Quantization is the one step where lossy video compression actually loses information. Every other step — prediction, DCT transform, entropy coding — is mathematically reversible. Quantization is where the encoder decides "this coefficient is close enough to zero to call it zero", or "this brightness is close enough to 128 to call it 128", and the original precision is gone forever. All visible compression artefacts (banding, blockiness, blurry textures, posterised colours) ultimately originate here.
Mechanically, quantization divides each dct coefficient by a step size and rounds to an integer. A small step size keeps most coefficients intact (lossless or near-lossless); a big step size collapses many coefficients to zero, which then compress to almost nothing in the entropy-coding stage. The step size is controlled by the qp quantization parameter. The bigger the step, the smaller the file — and the more visible the loss. This is the fundamental rate-vs-quality dial of every lossy codec.
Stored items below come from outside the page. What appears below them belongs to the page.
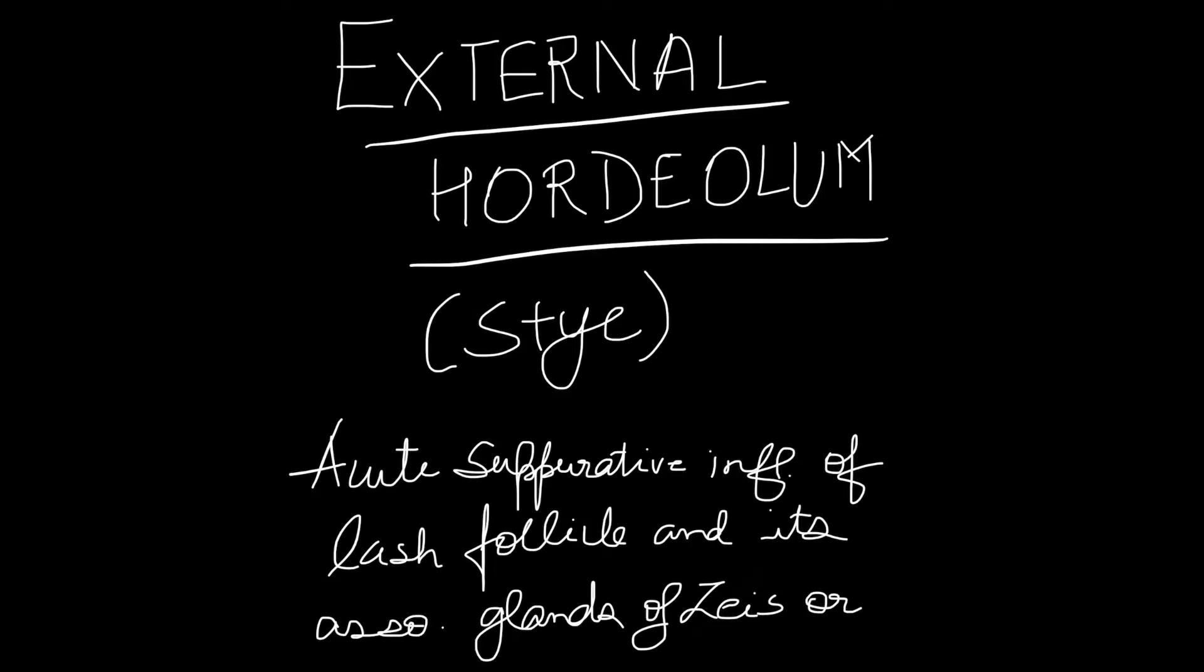Hey guys, today I will tell you about external hordeolum, which is also known as stye. It is acute suppurative inflammation of lash follicle and its associated glands of Zeis or Moll. These glands are present at the lid margin.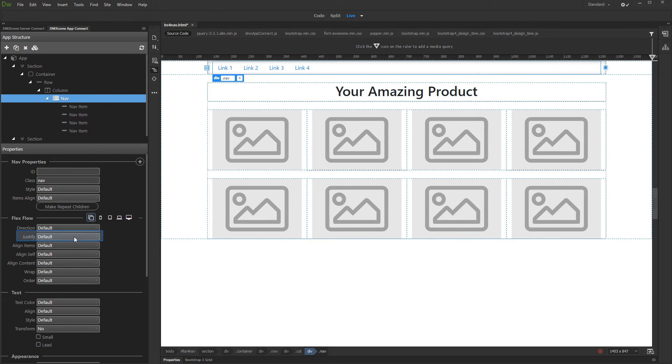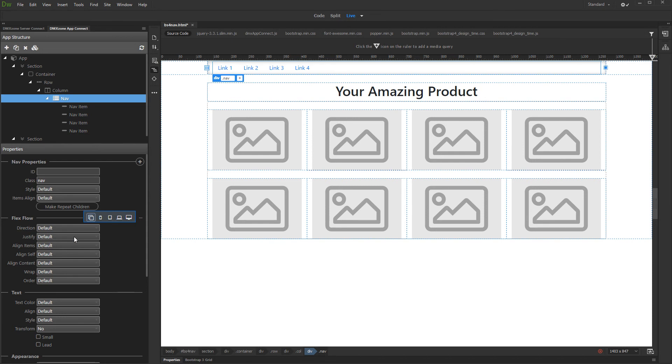Using the justify option under flex properties, you can change the align of your nav items. You can set this up differently for different device sizes or apply the same option for all devices. In this case we are doing this for all screen sizes.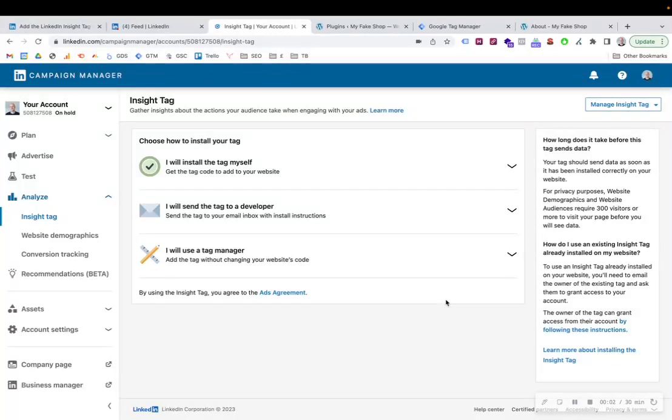Hi everyone, today I'm going to show you how to add the LinkedIn Insight tag onto any website. It's super simple, really easy. It doesn't have to be anything to get concerned about.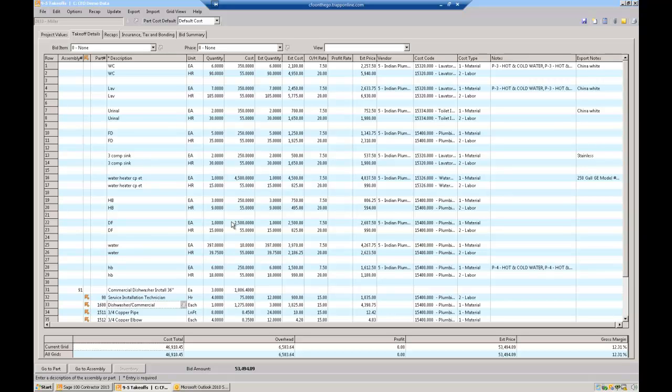Hey Dave, Dennis Feidner, CFO on the go. Thanks for sending that spreadsheet over. I didn't recreate the entire estimate, but I created a portion of it just so you can see how it would work.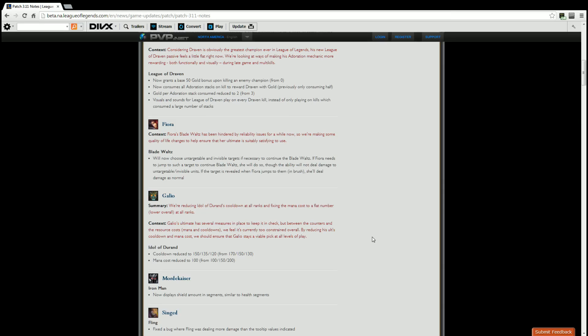Mordekaiser. Iron Man now displays the shield amount, or now displays shield amounts in segments similar to health segments. So his passive shows the shield kind of like how Malphite's shield is, shown in segments just like the health segments that Malphite has. A nice visible change there allows players to see exactly how much shield Mord has versus trying to guess on the little bar underneath his health. Very nice indeed.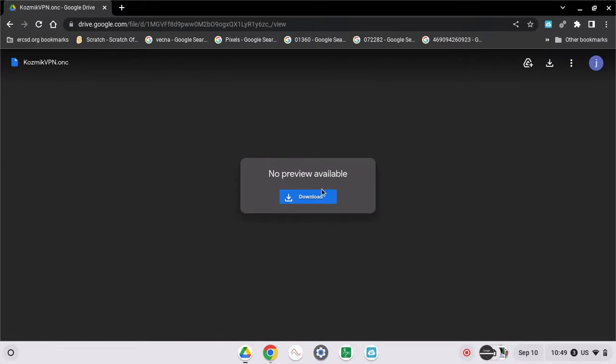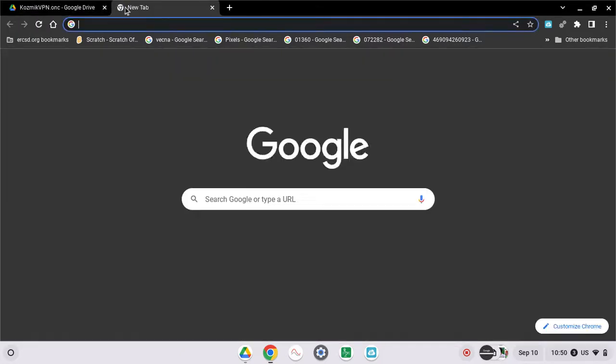Okay, so you can just click download. I already downloaded it, so I don't need to download it again. Now you're gonna go to Network settings.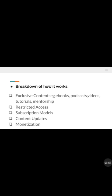The subscription model means you must subscribe before you can have access — just like normal school where you pay fees before you can attend class. For content updates, you make an arrangement with your audience when you will be delivering content: weekly, monthly, two or three times a week, depending on what is convenient for you. The end point of it all is monetization — making money from it through sponsor posts, subscription, registration, affiliate links, selling products, and advertising.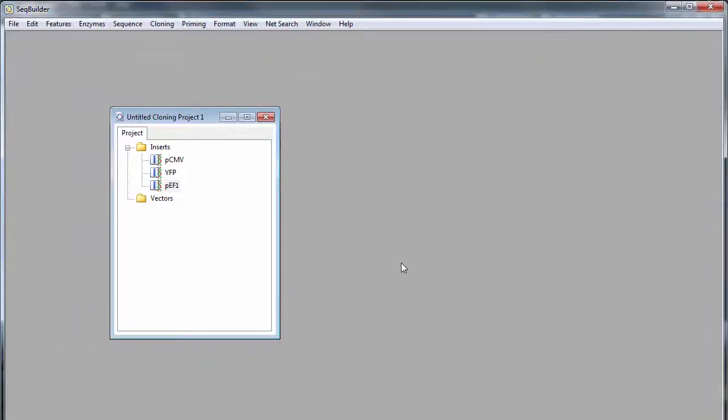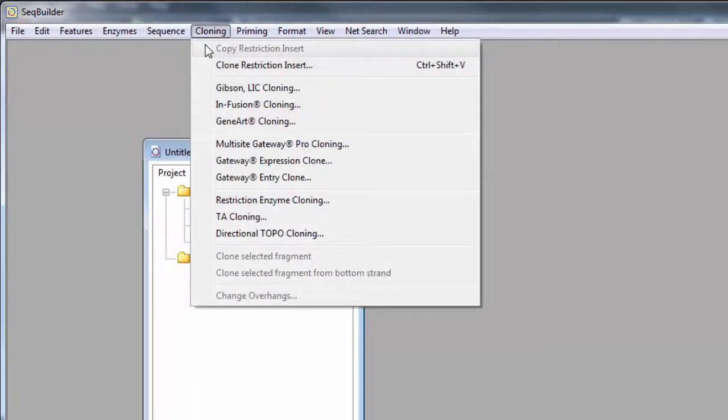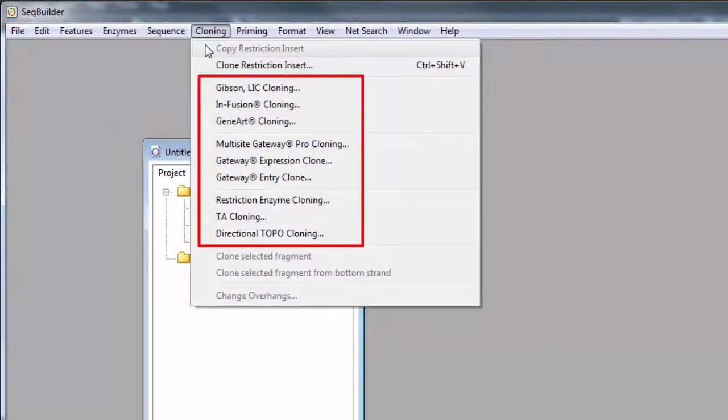Next, select the cloning method you'd like to use from the Cloning menu. SeqBuilder offers several cloning methods, including Gibson, Infusion, GeneArt, Gateway Multisite, TA, Topo, and Restriction Cloning.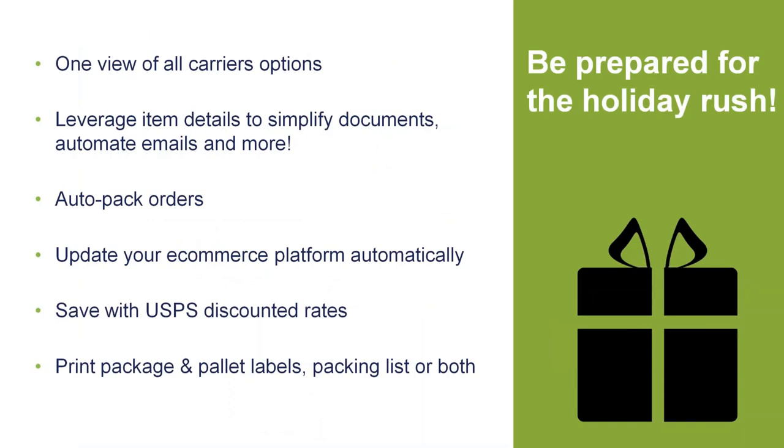So, getting on to StarShip. What is StarShip? Basically, we're going to give you one view to look at all your carrier options.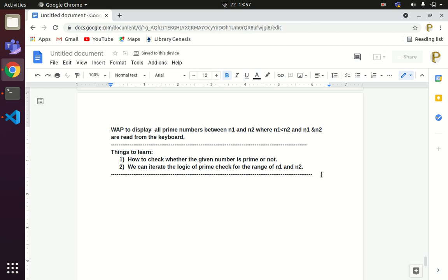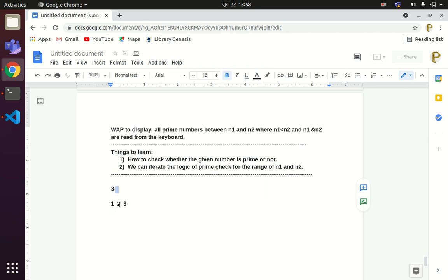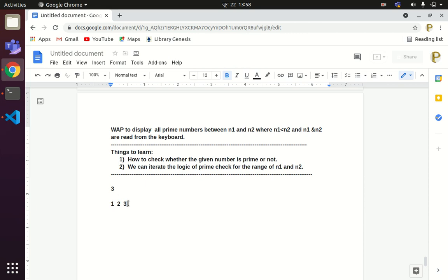First, we have to understand what a prime number is. A prime number is any number that is divisible by one and itself. For example, to check whether 3 is prime, we divide 3 starting from 1, 2, and 3. Three is exactly divisible by 1, not by 2, but exactly divisible by 3. So 3 is divisible by 1 and itself — therefore 3 is a prime number. We'll use this concept to write the prime-checking logic.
What makes modern codecs feel "good" despite this brutal-sounding step is that they quantize selectively — aggressively in places the eye can't see and gently where it can. Flat areas where banding would show up get fine quantization. Busy textures get coarse quantization because the visual noise of the texture masks the loss. Faces get fine quantization because viewers stare at them. This perceptual tuning, combined with smart rate control (crf, vbr), is why a 4K HDR Netflix stream at 15 Mbps looks essentially identical to an uncompressed 6 Gbps master to almost any viewer.